Decide queimar o caderno, porque não quer que o descubram, em particular a mulher do filho, Marina. " (...) Todas as mulheres escondem um caderno negro, um diário proibido. E todas têm de o destruir."
E pergunta onde terá sido mais sincera, se no que escreveu, se nas suas ações. O fim do caderno será, provavelmente, o seu momento de resignação à vida que levava, brevemente interrompida pela escrita do caderno.
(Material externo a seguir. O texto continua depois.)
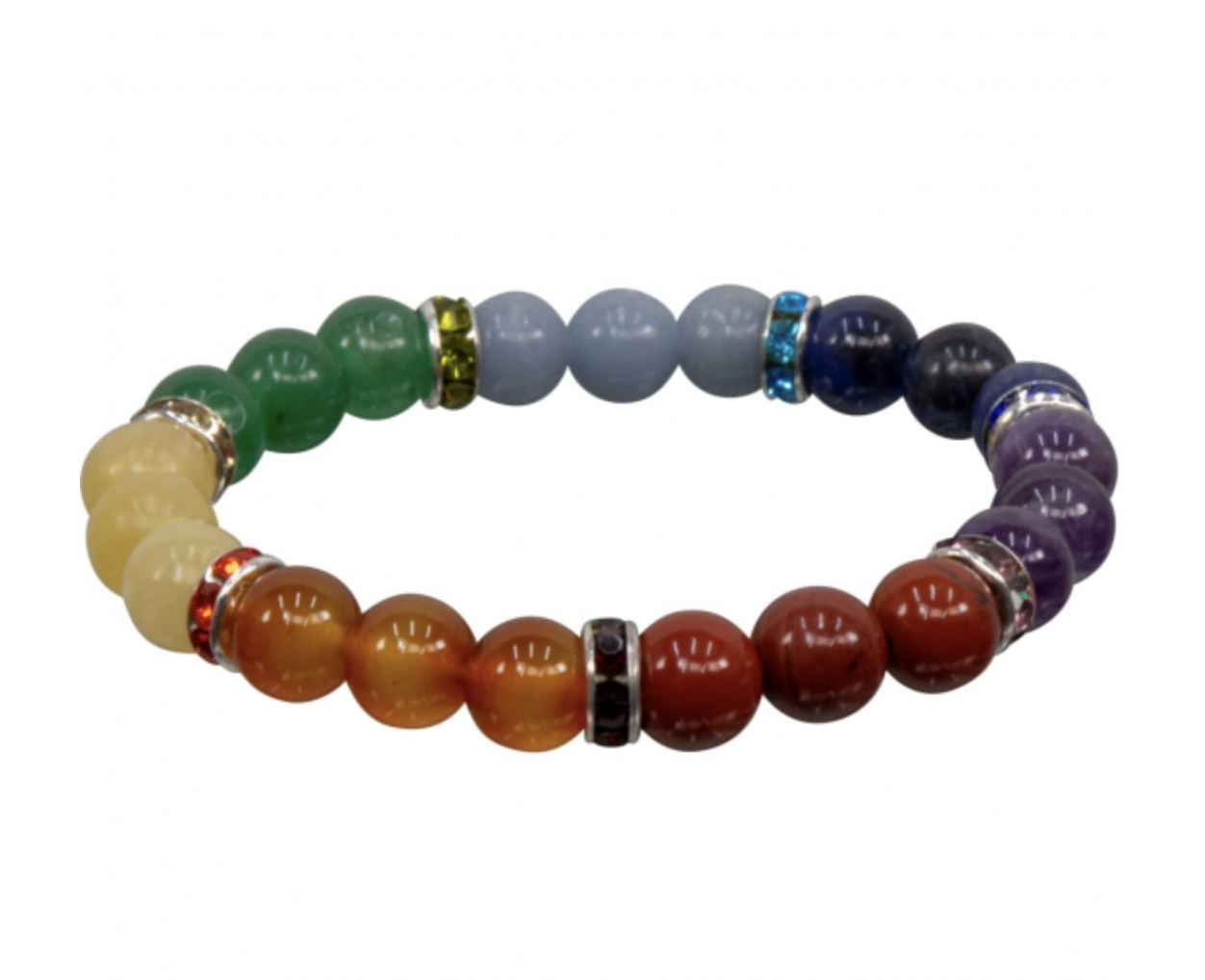 7 Chakra Elastic Bracelet with Roundel Spacer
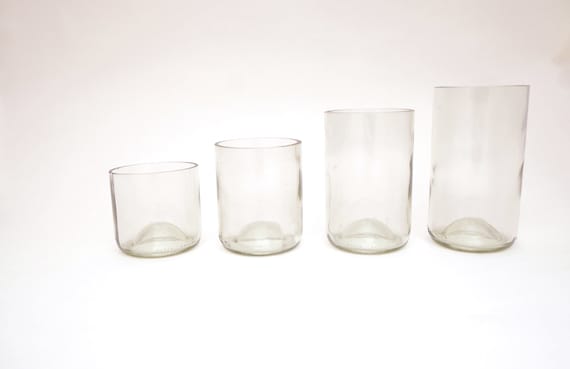 8, 10, 12, 16 Ounce Clear Wine Bottle Glasses Upcycled Tumblers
Enquanto lia, as imagens que se formavam na minha cabeça, eram as das ruas de Nápoles quando vimos no filme de Paola Cortellesi, Ainda temos o amanhã. Valeria podia morar na rua em frente.
Não conheço mais livros de Alba de Céspede mas fiquei curiosa com o que li sobre ela: foi jornalista, autora de romances, crónicas e do guião de As Amigas, de Antonioni. Espero que outras obras de Alba de Céspede (que tinha dupla nacionalidade, italiana e cubana, e era neta de Carlos Manuel de Céspedes que proclamou a independência de Cuba em 1868 e pôs fim à escravatura no país) sejam agora traduzidas para português.
O caderno proibido já tinha sido traduzido para português e publicado em Portugal em 1972. Desconheço se terá tido sucesso então. Foi agora traduzido por Ana Cláudia Santos.